If you want to argue some of the assumptions I made, go ahead. However keep in mind that these smaller station calculations completely ignores Kennedy and Science Center. With the exception of how much reduction we can have in the cost of stations, I have made mostly "worst case scenerio" guesses - since we're moving to Light Metro technology, we could for instance run a 3rd rail light metro train like the Canada Line which will permit us to use smaller tunnels which will save money. Realistically though, not only do you have to show that the savings do not permit an elevated section being built, but that its SIGNIFICANTLY MORE EXPENSIVE to go the light metro route.

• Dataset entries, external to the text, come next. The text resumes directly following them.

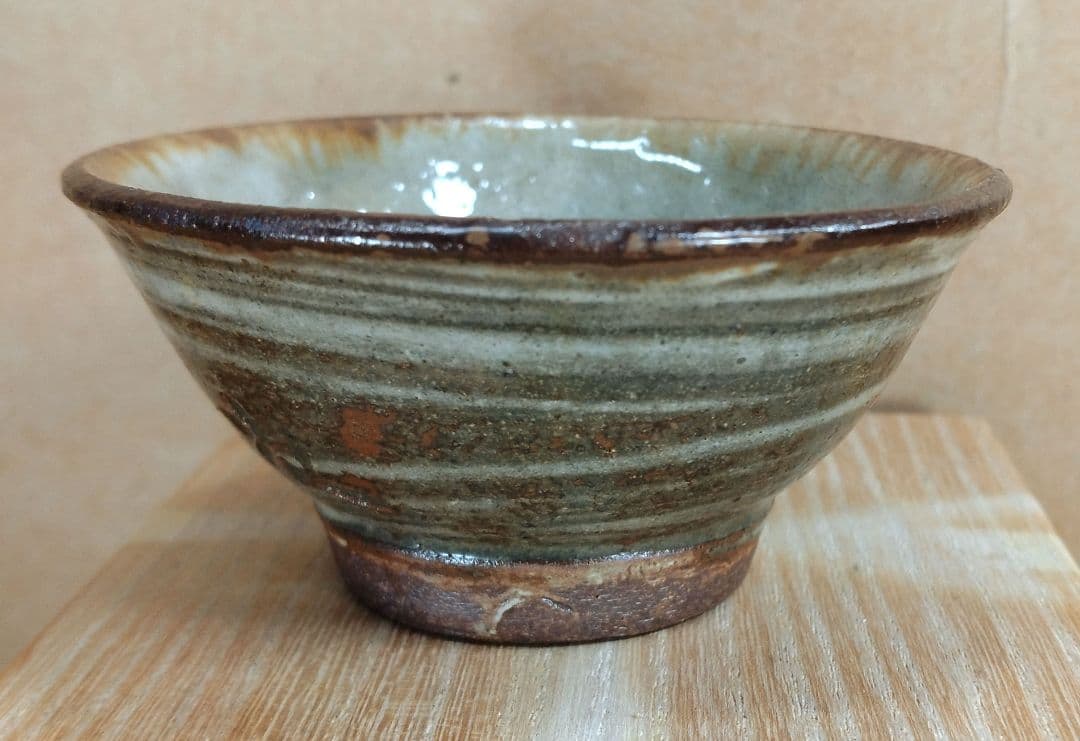 傑作【本物保証】金城次郎 壷屋焼ぐい呑(笑魚文ぐい呑）共箱 栞 人間国宝 美品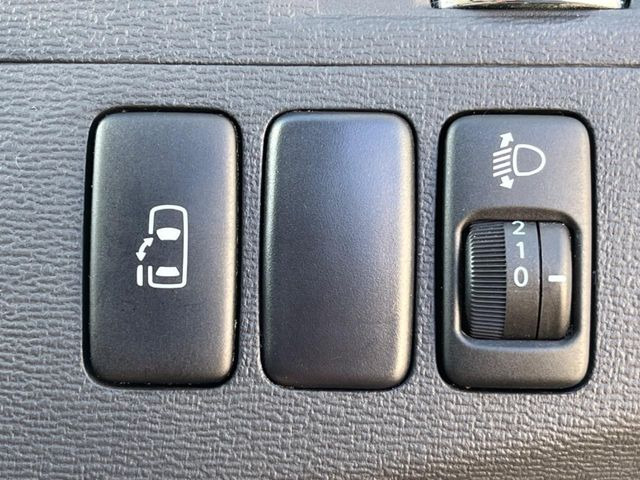 �y�p���[�X���C�h�h�A�z�X�}�[�g�L�[��^�]�Ȃ̃X�C�b�`�ŃX���C�h�h�A�̊J���\���d��������͂����ăh�A���J����K�v�������A���������q�l�ł��A�d���ו��������Ă��鎞�����N�ɊJ���߂ł��܂���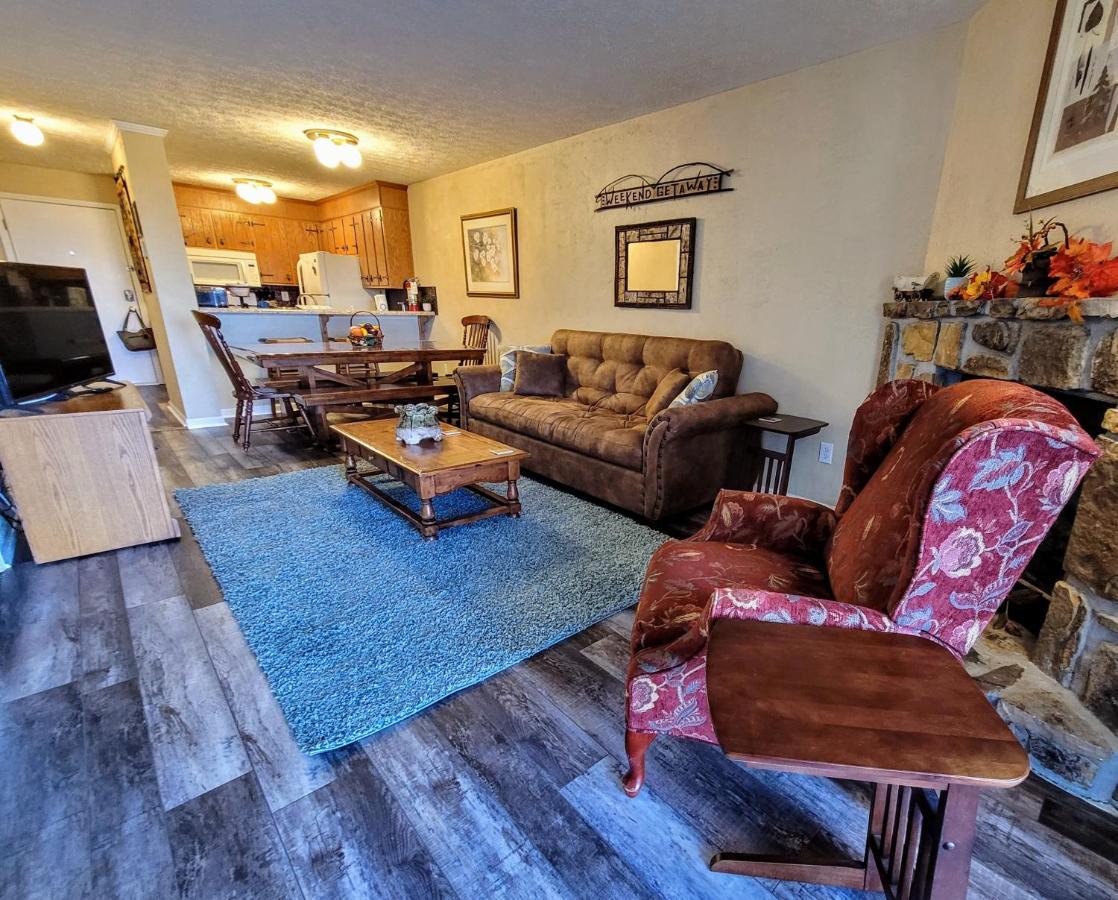 Main Level Ski Mountain Resort, 10 Min To Downtown Gatlinburg, Pool, King Bed, Private Balcony, Lowest Prices Of The Season Apartment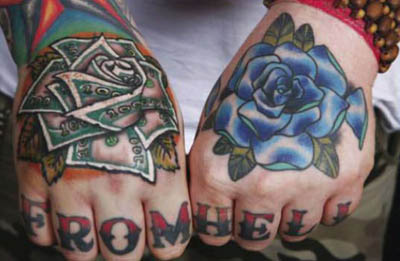  finger tatoos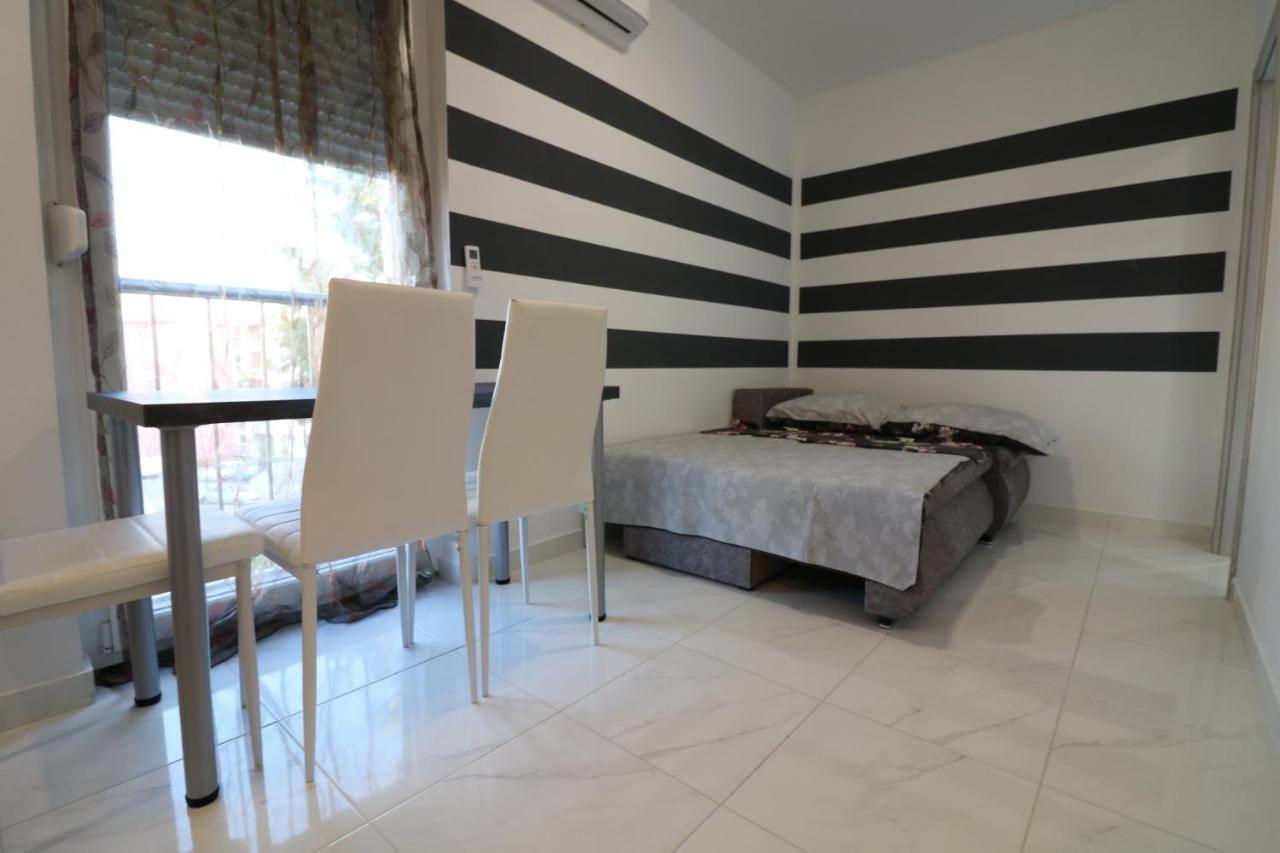 Appartamento Sneky Pola Esterno foto
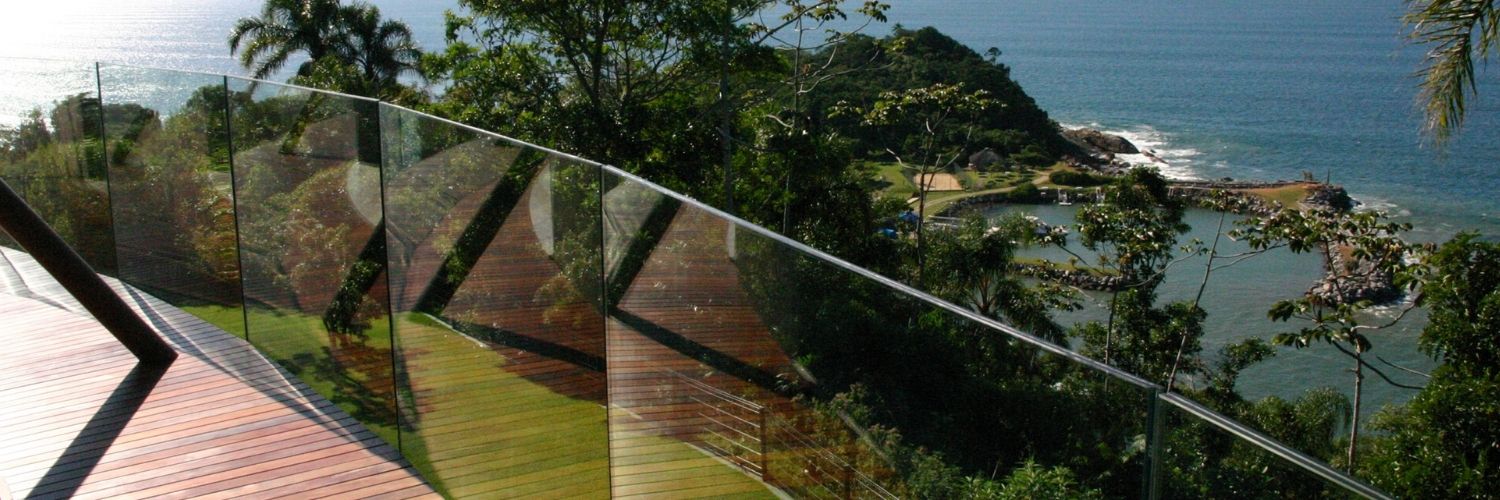 GLASS BALUSTRADES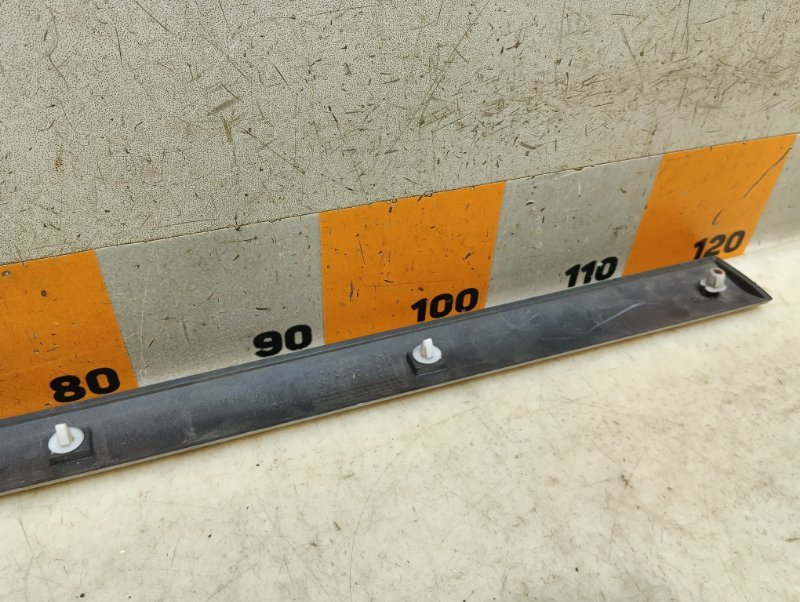 Молдинг двери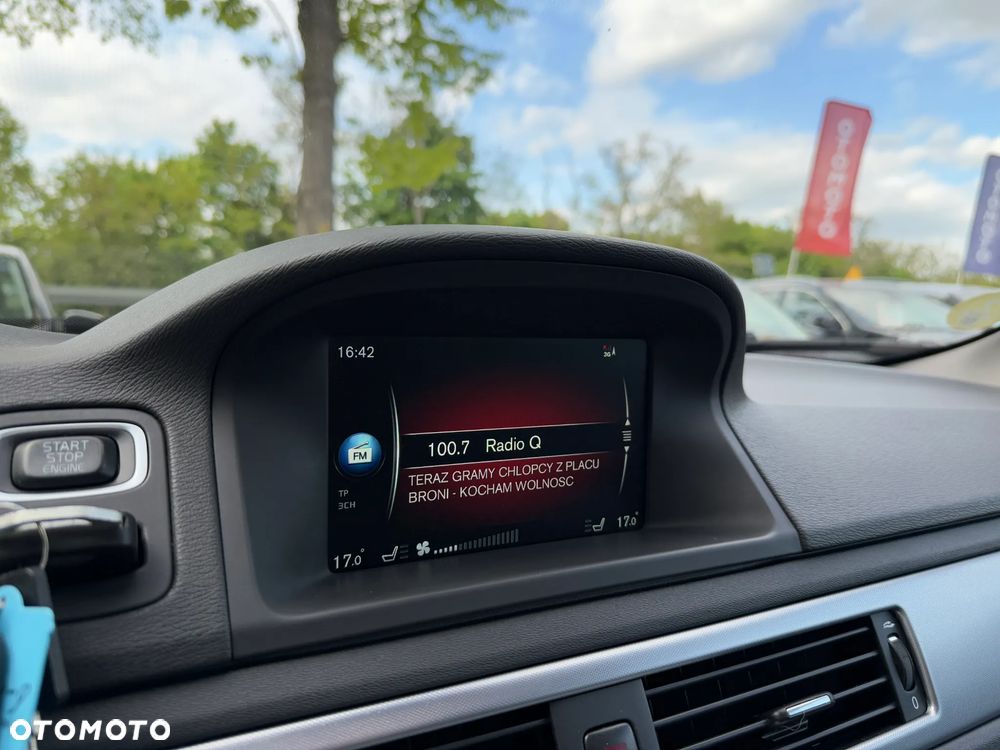 Volvo V70 D4 Momentum - 31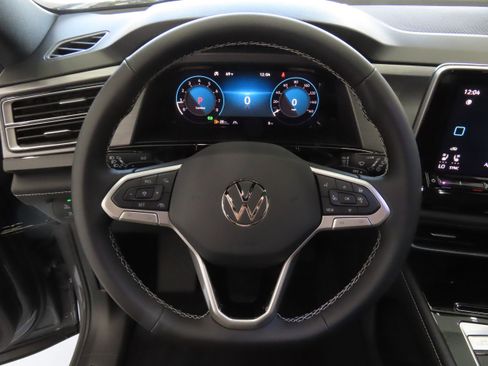 New 2026 Volkswagen Atlas Cross Sport SE image 16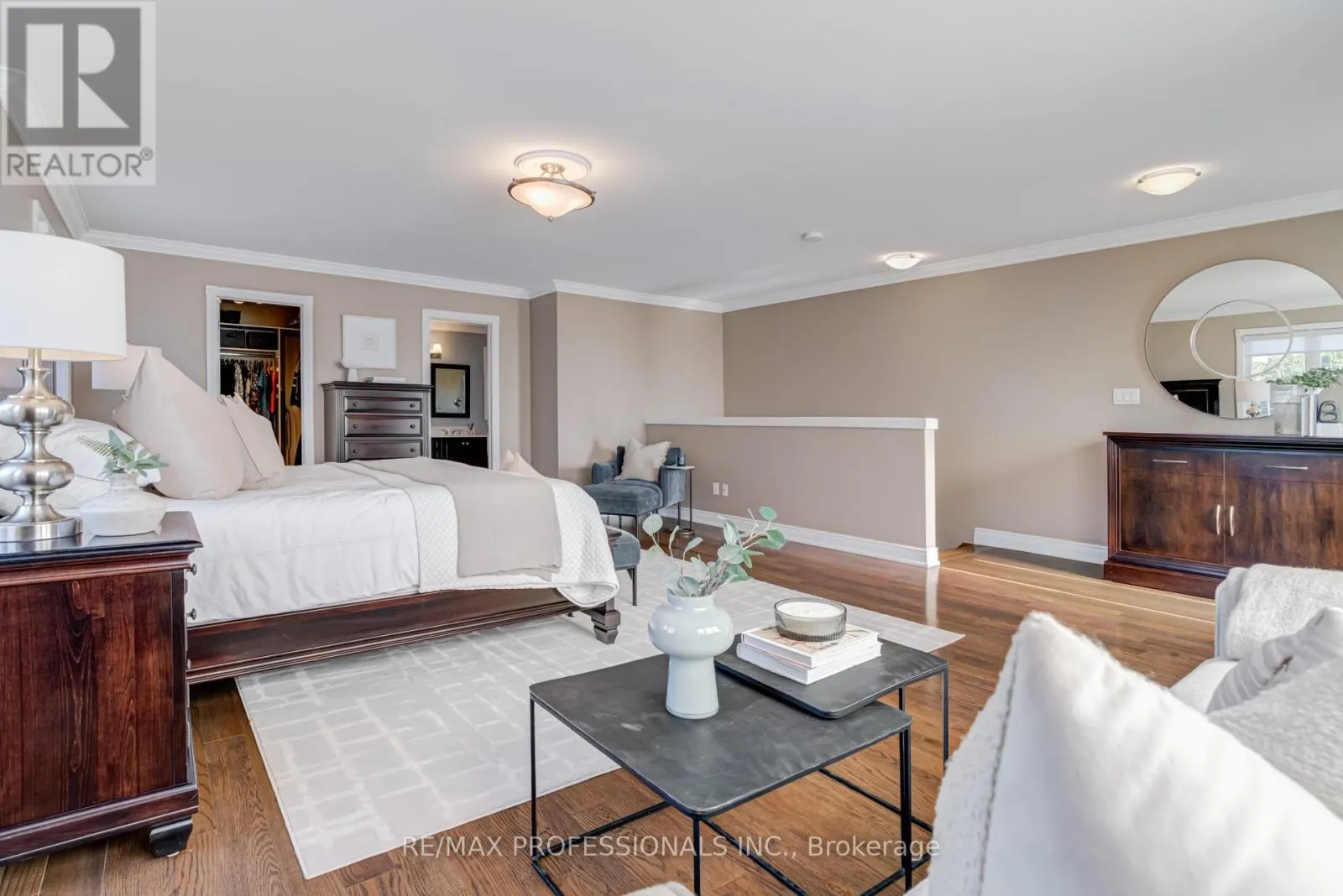 2264 LAKE SHORE BOULEVARD W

I'd be willing to argue that an elevated eastern section of Eglinton could be 1.5x as valuable as the LRT and would accept a project costing as much.
Here are your incorrect assumptions and incorrect sources.
- Elevated viaduct cost of 14 million Euro per km when at-grade LRT costs $100 million per km? More like $150-200 million per km for elevated viaduct. A random Twitter page with a fancy picture and European numbers is not an actual source for transit construction cost in Toronto.
- Twin bore tunnel costs 14-35 million Euro - Taken from the same incorrect source that said the elevated guideway is 14 million Euros. Just boring the tunnels themselves probably takes $100 million per km.
- You assumed a 50m long station would cost 5/9th the cost of a 90m long station. Where is your source?
- Ignoring the fact that the above issues makes the $990 million total savings and $885 million remaining for stations just plain false. You stated $147 million per elevated station is certainly doable. Where is your source for that?
As with @DirectionNorth I'm not gonna argue this any further. Let's just agree to disagree and call it a day.